ご自身も、ルパン三世ファンという山崎貴監督。本作の制作中、いろいろな出来事があったとのこと。その中で、印象的だったエピソードについて、お話を伺いました。
「今回は、声を先に録音して、それに合わせてCGを創るプレスコという手法で映画を製作したのですが、声優さんの声を録音したときは、めちゃめちゃテンションが上がりました。
栗田貫一さんが話し出したときは「うわぁ、ルパンだ!」と感動しましたし「次元が喋っているよ!」「わっ、五エ門がいる!」とか、思わずファン目線になってしまいました。長年キャラクターを担当されている声優さんたちがスタジオで声を出している感じが、とても嬉しかったですね。声を録り始めた頃は、有頂天になって毎回ワクワクしていました」。
「あと、とにかく制作期間が長かったですね(笑)。CGってコンピューターが勝手に絵を作ってくれるイメージがあるかもしれませんが、ひとつひとつ、コツコツ。人間の手を介して作っていくウェイトが大きいので、とても時間がかかるんです。本当、一歩一歩というか。いつになったら出来上がるんだろうと思いながら、進行していましたね」。

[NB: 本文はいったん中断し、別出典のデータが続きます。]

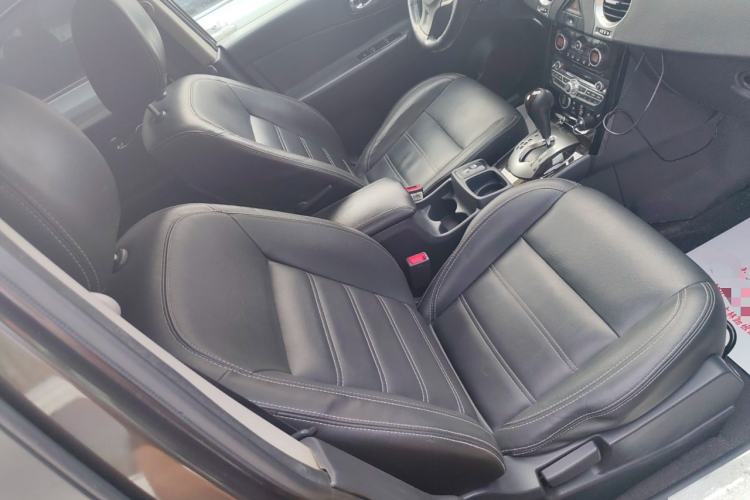 Used Renault Koleos 2013 2.5L 4x4 Urban Edition Right Front Seat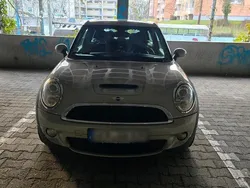 Silber Gebraucht 2009 Mini John Cooper Works Kleinwagen | 8.000 €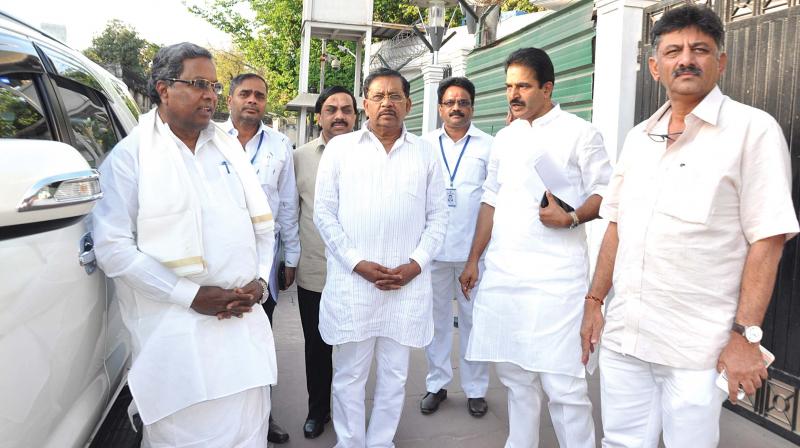 ‘ಹ್ಯಾಂಡ್ಸ್’ಅಪ್.. ಇದು ಹಳೆ ಕಾಲ..! ಕಾಂಗ್ರೆಸ್‍ಗಂತೂ ಚಳಿಗಾಲ..!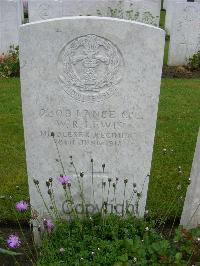 Etaples Military Cemetery - Lewis, William Rowland
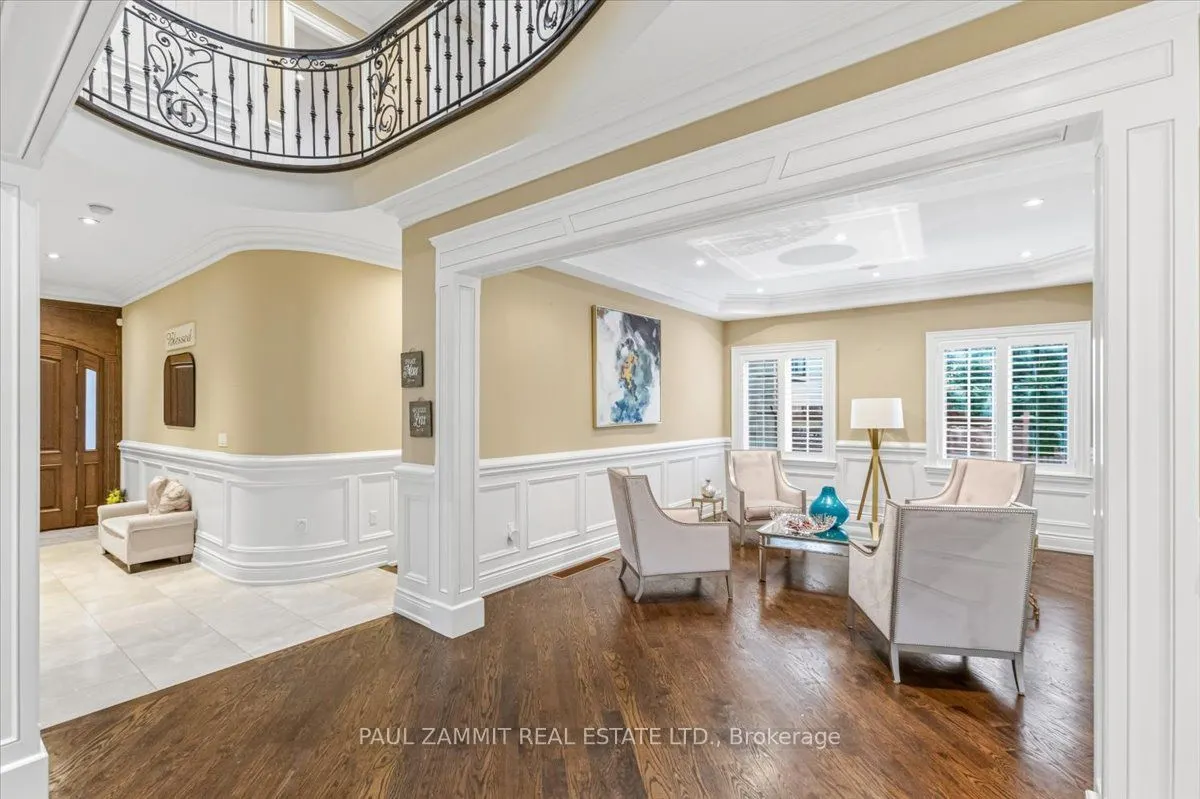 83 Grandview Avenue
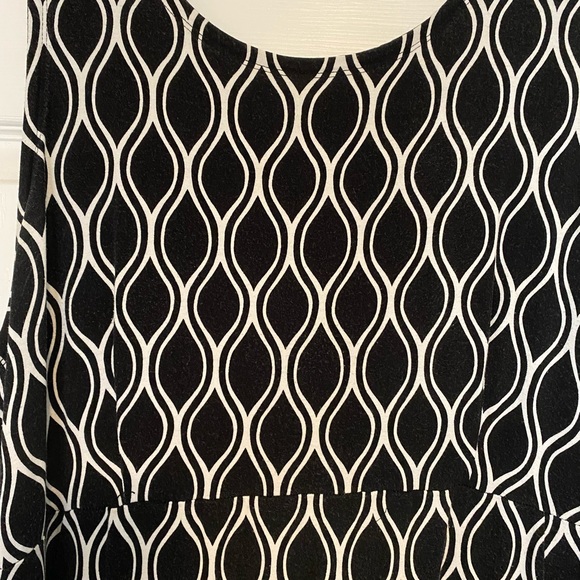 JM Collection Summer Shift 2X - Picture 2 of 3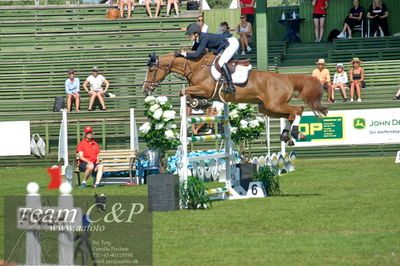 Showjumping
CSI3 Table A (238.2.1) 1.45m
Nøgleord: erica swatz;madonna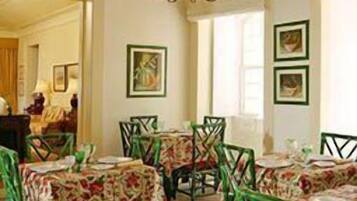 Breakfast, lunch, dinner served; international cuisine, alfresco dining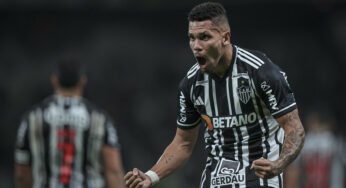 Paulinho exalta Eduardo Coudet e compara argentino com Felipão no Atlético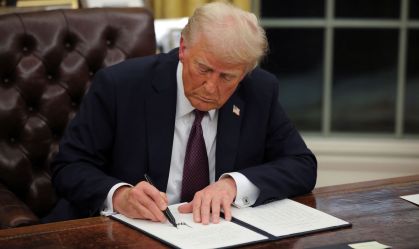 Trump assinará decreto contra canudos de papel: “De volta ao plástico!”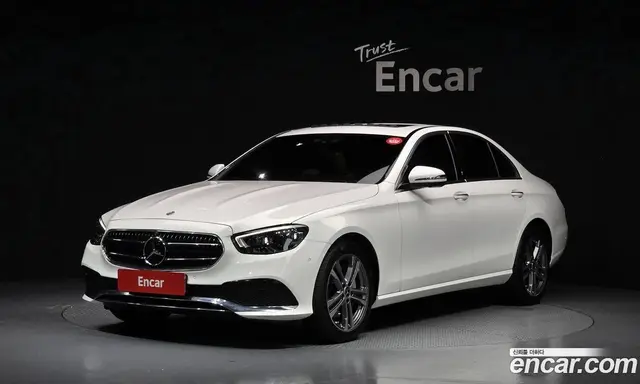 Mercedes-Benz E-Class 2022 2.0 автомат (гидро), миниатюра 1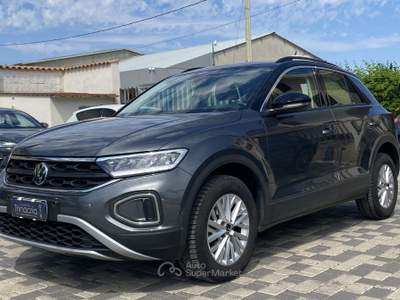 Volkswagen T-Roc Life 1.0 TSI 110 CV Nero usata Borgetto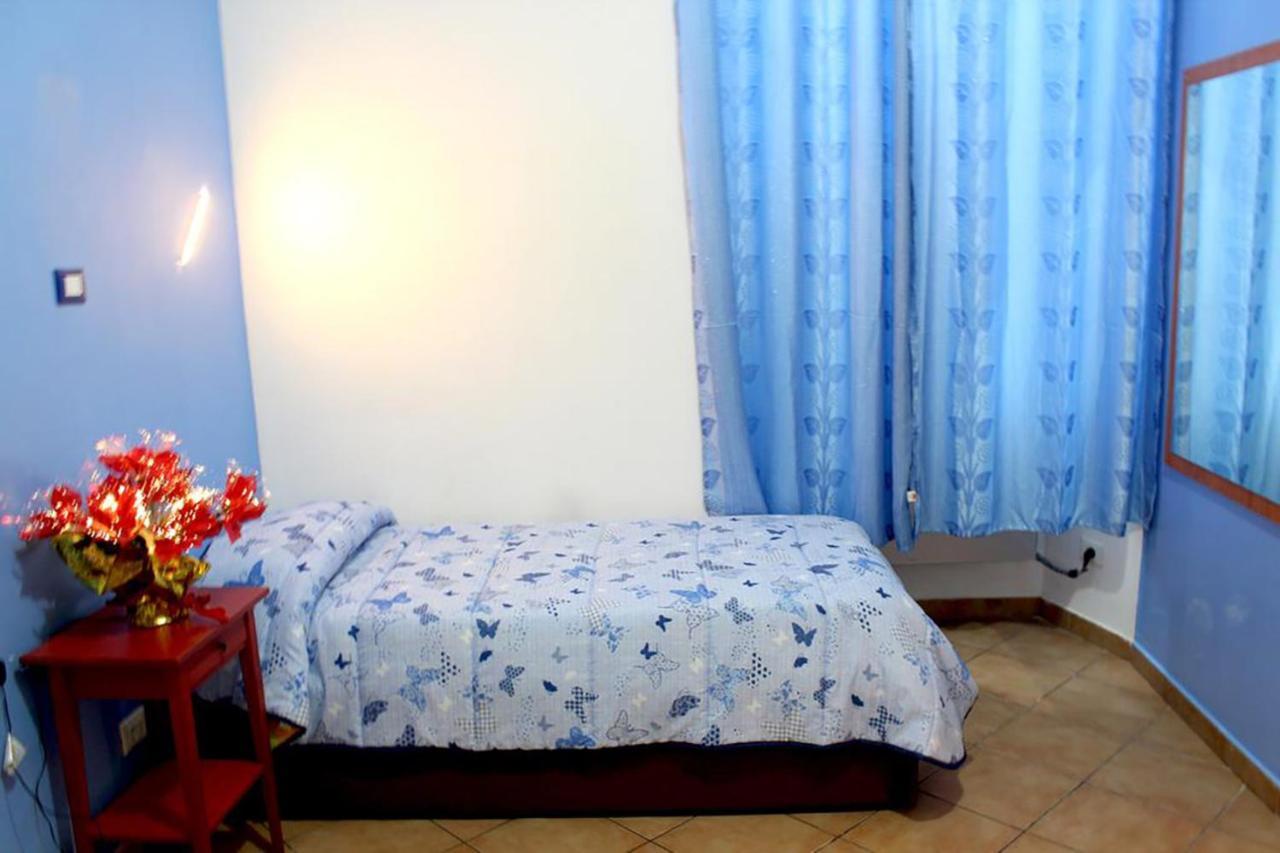 Legend R.G. Hostel Rome Exterior photo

最後に『ルパン三世 THE FIRST』の見どころについて、山崎貴監督にお聞きしました。
「やはり“This is Lupin”というところに尽きると思います。ルパン三世ファンの方や、これまでのルパン三世の作品を好きな方が観て、楽しめる作品になっていると思います。もちろん、ルパン三世ならではの、お約束事みたいなものもしっかり入っています。しかも、3DCGになったことで、いままでとは違った新しさも見られると思います。昔からある良質な作品に、現代風の厚みを加えたらこうなったというか。「ルパン三世が3DCGになって帰ってきた!」という部分を楽しんでいただけたらと思います」。
3DCGという新たなフォーマットで制作された、劇場版『ルパン三世 THE FIRST』。ルパン三世シリーズの新時代を切り開く山崎貴監督渾身の本作は、ルパン三世ファン、そしてフィアットファンにとって、きっといつまでも心に残る作品になることでしょう。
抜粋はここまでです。